How to use multiple threads for zlib compression (same input source)

1.2k views Asked by At

My goal is to compress the data of the same source in parallel threads. I have defined jobs which are in a list, these jobs have the read information(500kb-1MB in each job).

My compressor threads will compress each block's data using ZLIB and store it in the outbuf of the corresponding jobs.

Now, I want to ,merge all this and create one output file which is of standard ZLIB format.

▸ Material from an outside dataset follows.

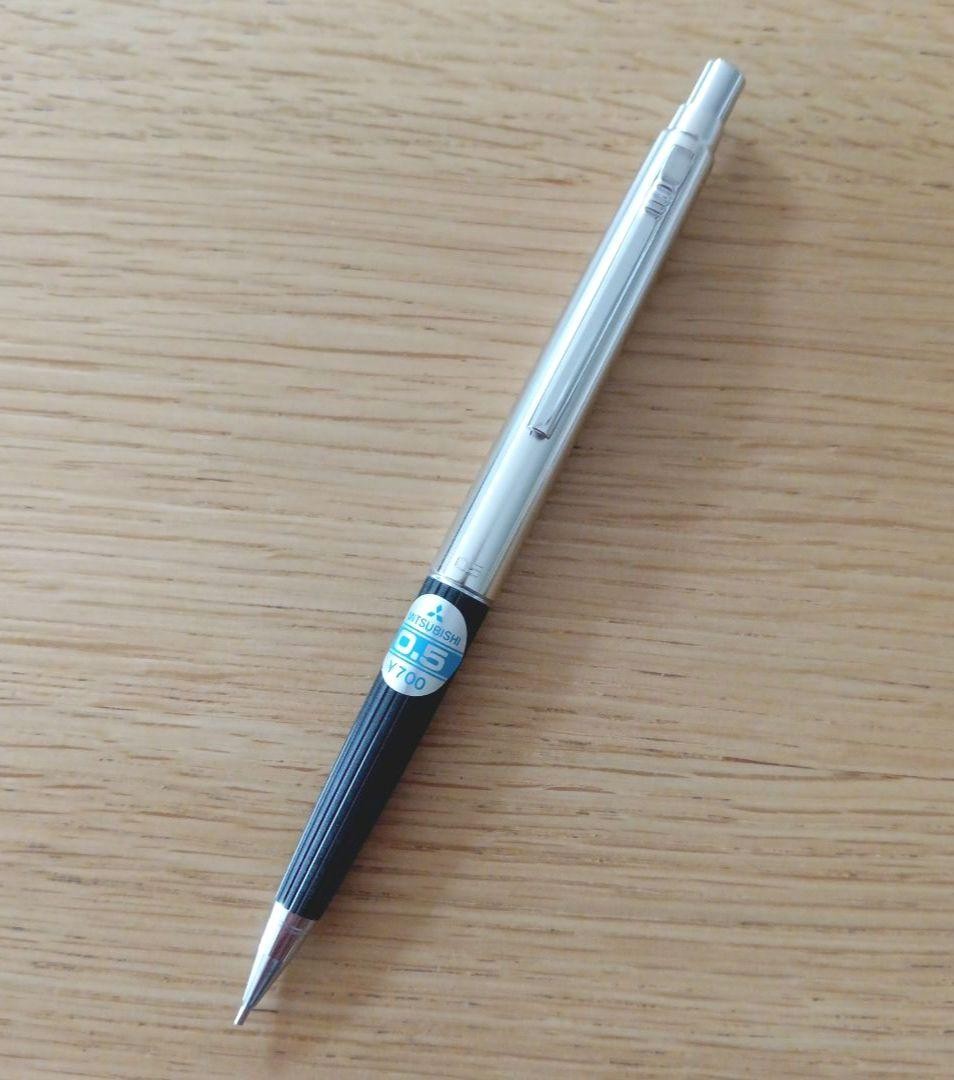 Mitsubishi Pencil 0.5mm Mechanical Pencil, Silver x Black Discontinued From JPN◎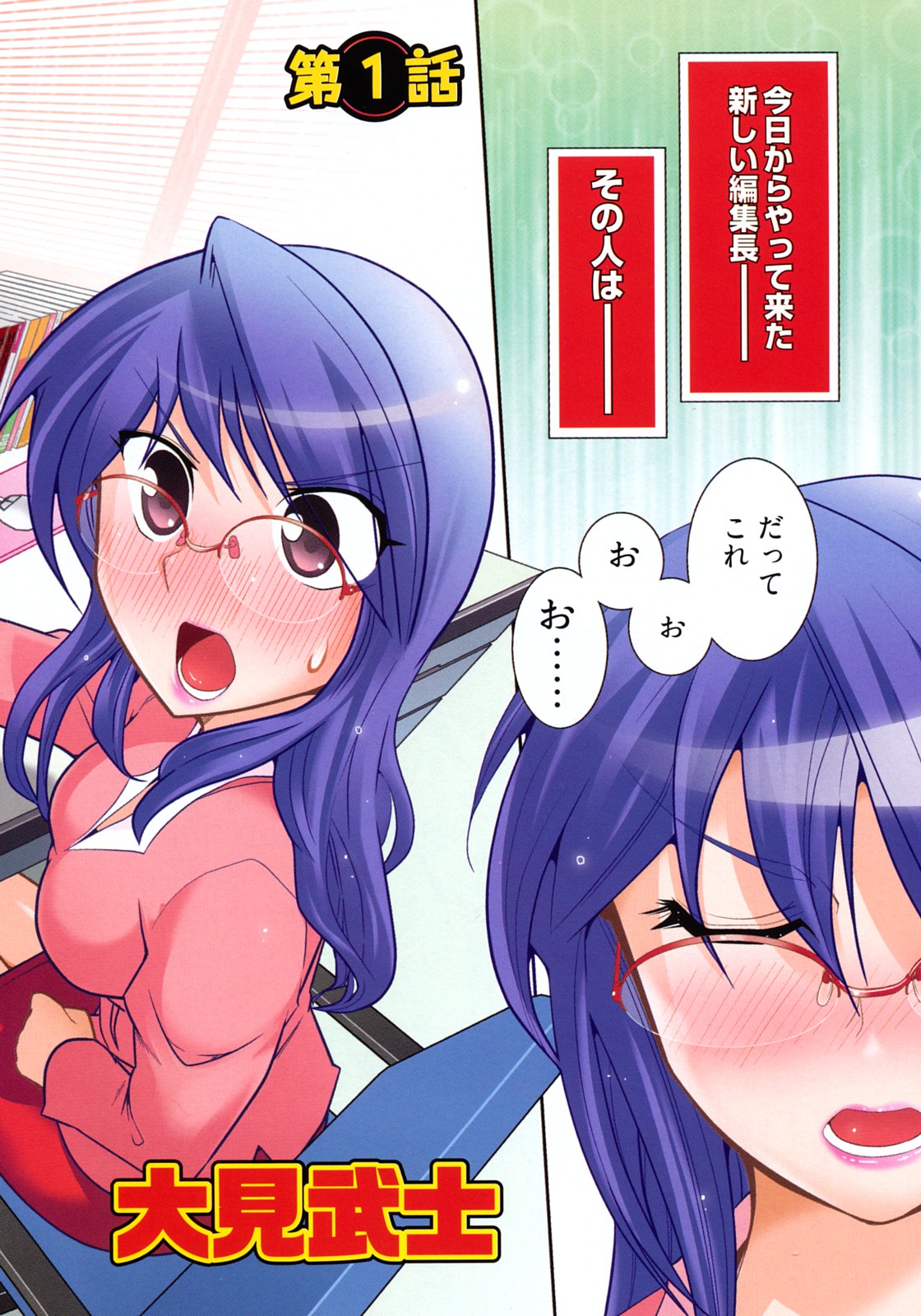 Gekkan Aikawa Henshuuchou - Monthly "Aikawa" The Chief Editor 1 page 5 full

From the ZLIB RFC and after browsing the source of pigzee, I understand that

A ZLIB header is like below

     +---+---+
     |CMF|FLG| (2 bytes)
     +---+---+
     +---+---+---+---+
     |     DICTID    | (4 bytes. Present only when FLG.FDICT is set)
     +---+---+---+---+
     +=====================+
     |...compressed data...| (variable size of data)
     +=====================+
     +---+---+---+---+
     |     ADLER32   |  (4 bytes of variable data)
     +---+---+---+---+

In my case, there is no dictionary as well.

So when I am combining two compressed units, the header of all the units is same.

Hence, I am doing the following operaions.

  1. For the first unit, I am writing the header + compressed data.

  2. For the second unit to the last unit, I am writing only the compressed data (No header and no trailer)

  3. After all the units are done, I am using adlrer32_combine()and converting the checksum's of all the jobs output data into one final adler 32 and then I am updating the output file with it at the bottom.

But the problem is that, I get an error during deflate saying the data is invalid at some places.

Have someone already tried something like this? Any relevant information will be really helpful.

1

There are 1 answers

2
Mark Adler On BEST ANSWER

You cannot simply concatenate raw deflate data streams. Each deflate stream is self-terminating, and so decompression would end at the end of the first stream.

You need to look more carefully at the pigz code for how to merge deflate streams. You can use Z_SYNC_FLUSH to complete the last block and bring it to a byte boundary without ending the deflate stream. Then you can complete the deflate stream, and strip off the final empty block marked as the end block. Except for the last deflate stream which should terminate normally. Then you can concatenate the series of n-1 unterminated deflate streams and the last 1 terminating deflate stream.